AIM OF THE TASK
Nothing but the lines from the one containing "Evergreen No. 10-Sven" to the end of the records that follow should be transcribed, each exactly, with the pictures left out.

[Opening RECORD EXCERPTS section]

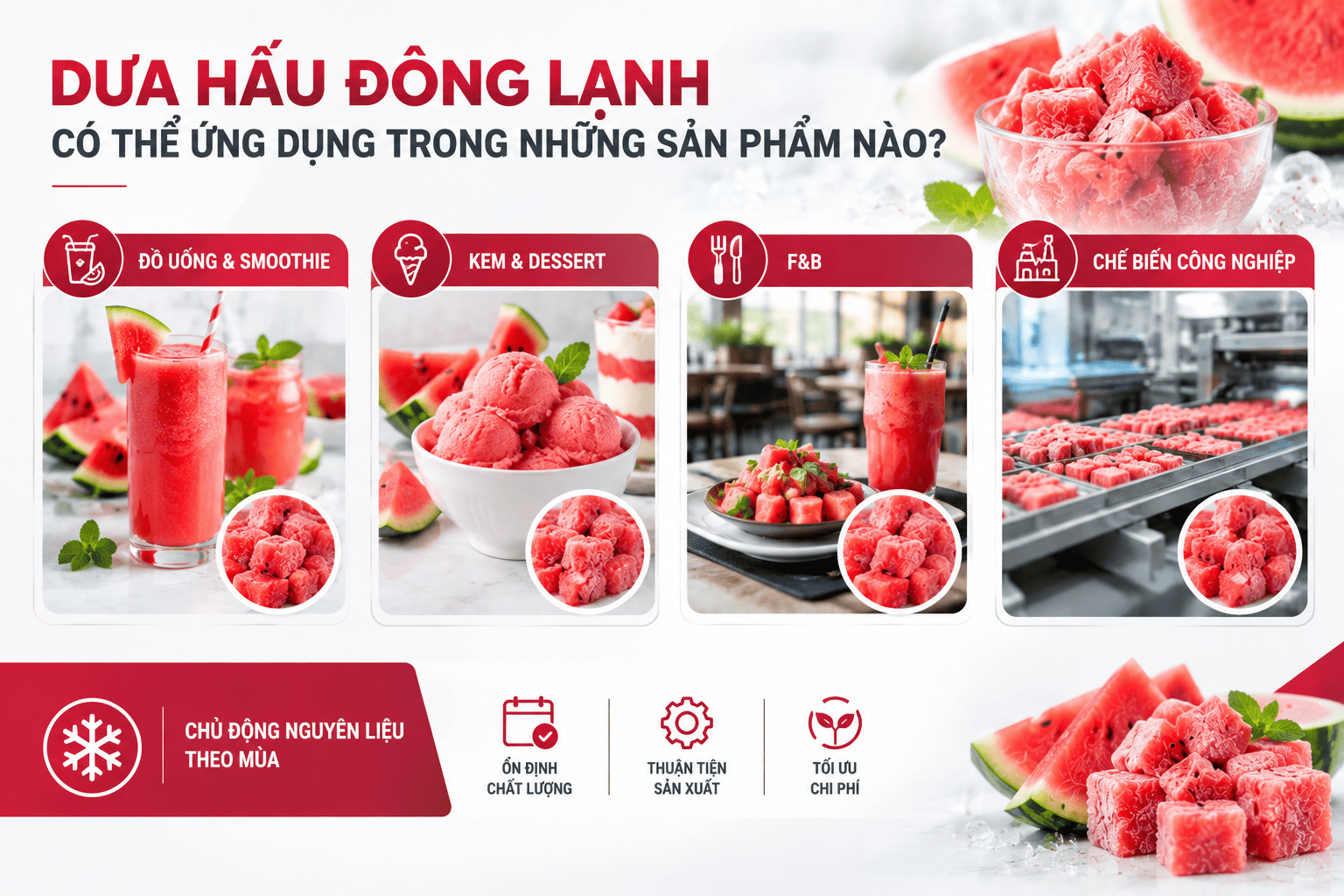Dưa hấu cắt miếng đông lạnh phục vụ chế biến thực phẩm và đồ uống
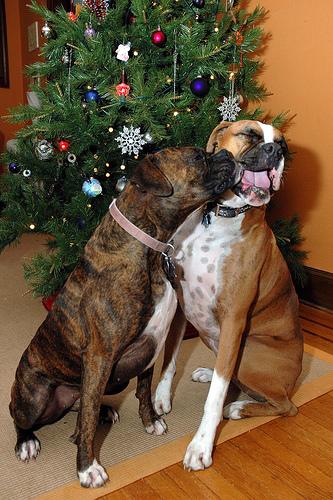 Slings for Paralyzed Dogs: How to Help Them Move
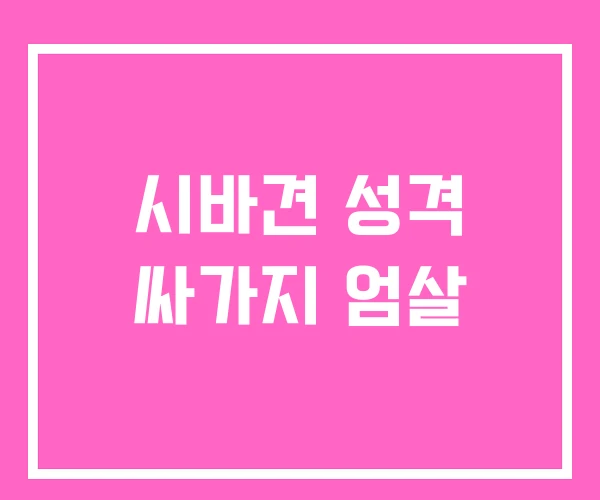 시바견 성격 싸가지 엄살
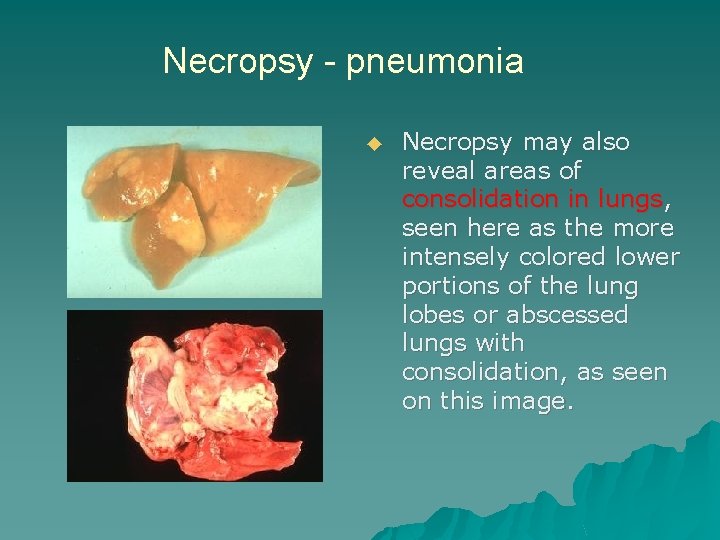 Necropsy - pneumonia ◆ Necropsy may also reveal areas of consolidation in lungs, seen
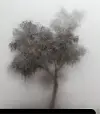 테스트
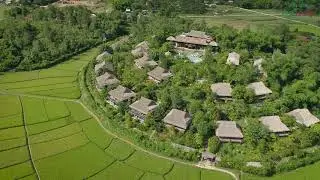 Mai Chau Ecolodge - the amazing lush green rice fields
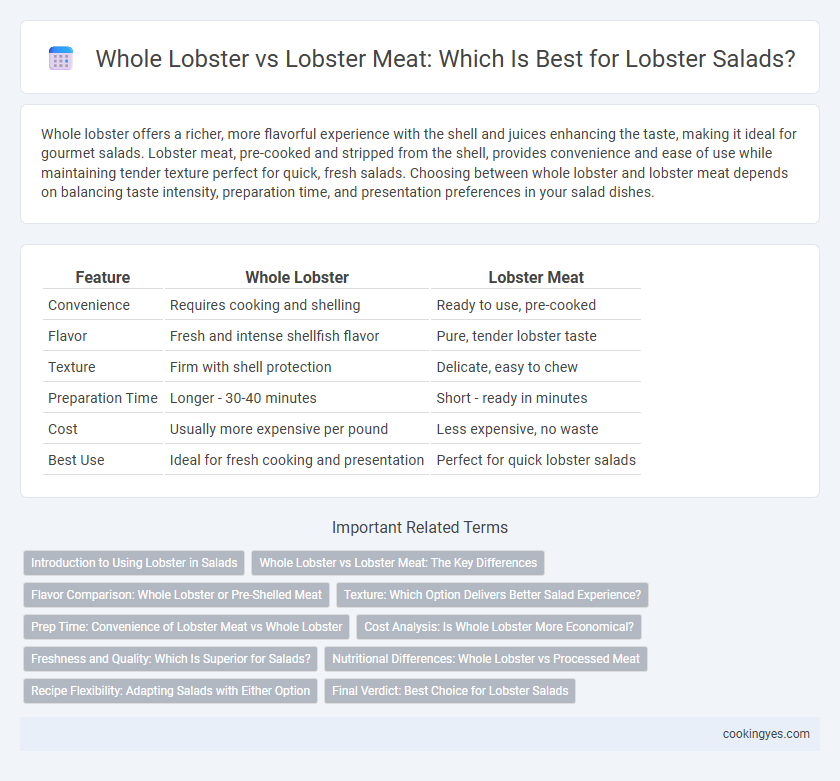 Whole Lobster vs Lobster Meat: Which Is Best for Lobster Salads?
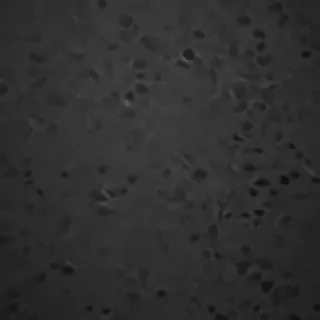 zoom backgrounds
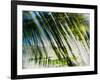 Evergreen No. 10-Sven Pfrommer-Framed Photographic Print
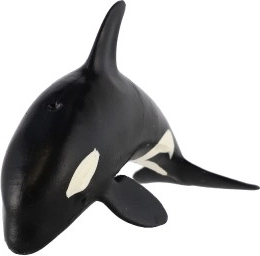 Ideāli piemērota izglītībai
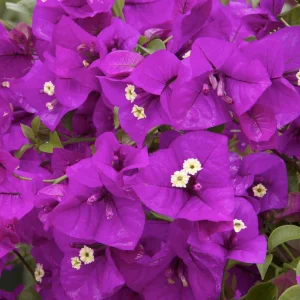 Bougainvillea 'Purple Queen'® - Purple Queen Bougainvillea - Patio Tree - 2 Gal>Roger's Gardens Discount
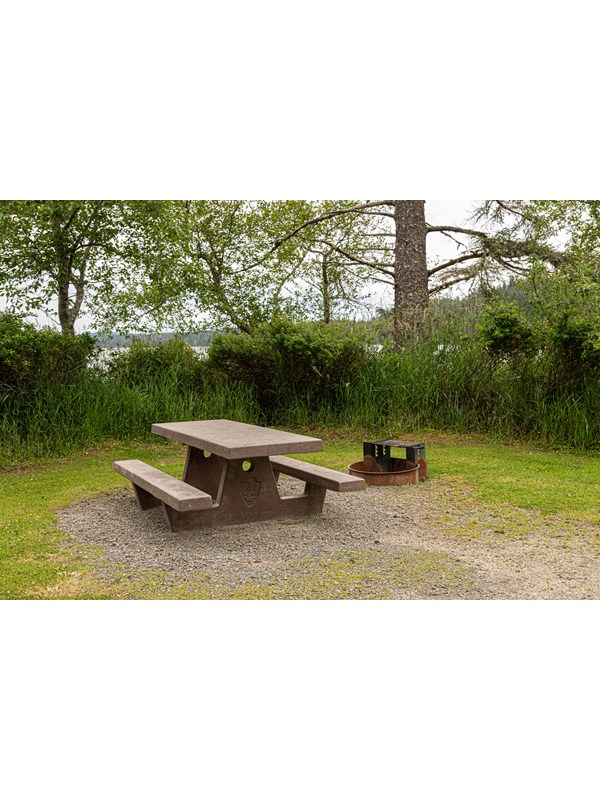 A grassy campsite with picnic table.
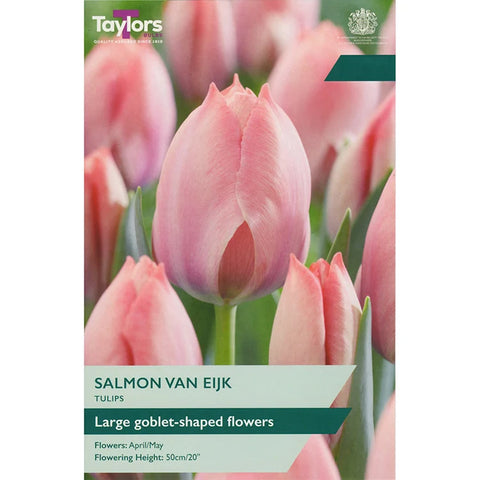 Taylors Bulbs Garden Salmon Van Eijk Tulip Bulbs – 7pck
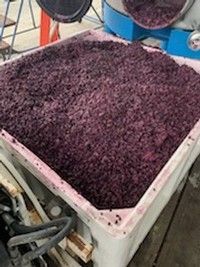 Crushed purple grapes in a white bin, likely in a winery for winemaking.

[Closing RECORD EXCERPTS section]

YOUR SOLUTION
 Evergreen No. 10-Sven Pfrommer-Framed Photographic Print
 Ideāli piemērota izglītībai
 Bougainvillea 'Purple Queen'® - Purple Queen Bougainvillea - Patio Tree - 2 Gal>Roger's Gardens Discount
 A grassy campsite with picnic table.
 Taylors Bulbs Garden Salmon Van Eijk Tulip Bulbs – 7pck
 Crushed purple grapes in a white bin, likely in a winery for winemaking.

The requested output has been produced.